Packing for a wedding

This weekend one of my good high school friends from back in the day is getting married in Atlanta.  Mrs. Lite Adventurer and I will be heading there for a weekend trip to partake in the celebration, and I got to thinking that this would be a good post-worthy topic:  how to pack efficiently when you’re a guest at a wedding.

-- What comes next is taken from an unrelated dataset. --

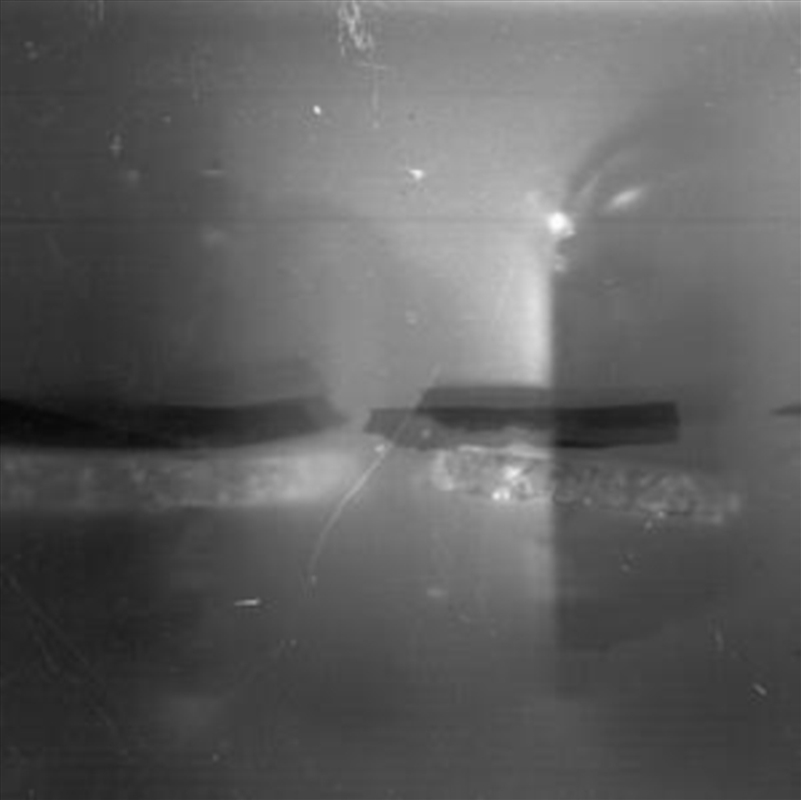 Hundred Tongues/Product Detail/Dance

It’s not really that much different than packing for a normal trip except for a few extra key items.  Since this is a short weekend trip, I’ll be taking my usual tops and bottoms in my packing list, but only enough for 2 days’ worth of wear.  I’ll also pack a set of clothes specifically to wear to the wedding ceremony and reception, and the clothes vary depending on the type of wedding.  For a less formal setting, like a beach for example, I’ll plan on some nice pants and either a button up shirt sans tie or a polo shirt.  For this particular wedding I’m going to, it’s located inside a high-end hotel in downtown Atlanta, so I opted for a suit which is always a safe choice for guys.  I have a basic navy blue suit that I pair with a pink button up long sleeve shirt that’s my go-to attire for fancier weddings.  I’m on the fence about wearing a tie, but will likely go without one this time; I’ve found that wearing the suit jacket makes me fancified enough for occasions like these.  On my feet, I wear a pair of black Rockport Oxford shoes, like the ones pictured here.  I love these shoes; they’re the ones I wear to the office every day.  They’re comfortable, durable, water resistant, and can pass for real dress shoes in most situations.

There are a couple of other items that are super important for weddings that I make sure to have readily available:

1) Plain white handkerchief.  Comes in handy for all sorts of purposes.  I use one to dab at my forehead when I’ve been dancing for a while and get hot as a result.

2) Shout wipe.  If you get mustard on a shirt, you can always change into another shirt.  Since I don’t travel with a spare suit, if I get food on me – which happens more than I’d like – then the Shout wipe bails me out.  Every time I use one of these guys, I’m amazed at how well they work.  Magical.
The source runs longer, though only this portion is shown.